26 The applicant provided two references to the respondent in response to the Show Cause notice issued on 7 November 2005, from Dr Rasiah Vikeyarasa and from Rev Mitko Mitrev. Both references refer to “the letter” from the Director General of the Ministry of Transport. Dr Rasiah Vijeyarasa states that “to the best of my knowledge he is a person of integrity and honesty”, and “the wrong doings mentioned in the letter are out of character”. Rev Mitko Mitrev states that the applicant “and his family are good believers and very respected by the Macedonian Orthodox Community”. These references, provided by persons who have known the applicant for some time, and who know of the Show Cause notice, are evidence to attest that the applicant is considered to be of good repute.
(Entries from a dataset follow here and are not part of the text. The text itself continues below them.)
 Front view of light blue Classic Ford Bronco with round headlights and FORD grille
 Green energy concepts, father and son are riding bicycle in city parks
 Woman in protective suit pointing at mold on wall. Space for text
27 The activities in which the person will be engaged are relevant to consideration of whether he is a “fit and proper person”: Hughes & Vale Pty Ltd v State of New South Wales (1955) 93 CLR 127 at 156-7. In Saadieh v Director General, Department of Transport [1999] NSW ADT 68 at [17] Deputy President Hennessy set out several factors which should be considered when determining a person's fitness and suitability to hold a taxi authority:
- Taking into account the terms of the legislation and the case law interpreting similar provisions, there are a number of factors that need to be taken into account in determining a person's suitability and fitness to obtain a taxi authority. These factors include:
- the nature, seriousness and frequency of any criminal offences for which the applicant has been arrested or convicted;
- the nature, seriousness and frequency of any complaints made against the applicant;
- the applicant's driving record;
- the applicant's reputation in the community; and
- the likelihood that the applicant will re-offend, be the subject of further complaints or commit further traffic offences.
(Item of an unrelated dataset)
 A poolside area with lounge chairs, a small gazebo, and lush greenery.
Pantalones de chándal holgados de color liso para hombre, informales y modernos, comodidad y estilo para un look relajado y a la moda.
28 In Kent v Ministry of Transport [2007] NSWADT 37 DP Hennessy considered the approach to be adopted to documents on the Ministry file:
- 5 Relevant factual material includes the documents filed by the Ministry pursuant to s 58(1)(b) of the ADT Act. The Ministry is obliged to lodge “a copy of every document or part of a document that is in the possession, or under the control, of the administrator that the administrator considers to be relevant to the determination of the application by the Tribunal.” The Ministry served those documents on Mr Kent. As long as the material lodged by the administrator is relevant to the determination, that material is “before” the Tribunal and the Tribunal must have regard to it when determining an application: ADT Act, s63.
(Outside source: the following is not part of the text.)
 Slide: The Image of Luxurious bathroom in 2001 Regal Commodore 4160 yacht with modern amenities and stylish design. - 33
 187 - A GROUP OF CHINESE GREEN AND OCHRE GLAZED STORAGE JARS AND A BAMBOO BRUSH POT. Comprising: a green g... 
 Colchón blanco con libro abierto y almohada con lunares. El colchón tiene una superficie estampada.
6 That conclusion is not entirely consistent with comments made by the Appeal Panel in Taylor v Director General, Department of Transport [2001] NSWADTAP 29 (12 September 2001). In that decision, the Appeal Panel (over which I presided) said at [87] to [89], that the Tribunal could admit or reject documentary evidence of complaints from passengers. I now think that the better view is that if documentary material recording details of complaints from passengers is provided to the Tribunal in compliance with s 58 of the ADT Act, and that material is relevant factual material, then, in accordance with s 63, the Tribunal must have regard to it when determining the application. The Tribunal may decide to give little or no weight to that material, but it may not disregard it.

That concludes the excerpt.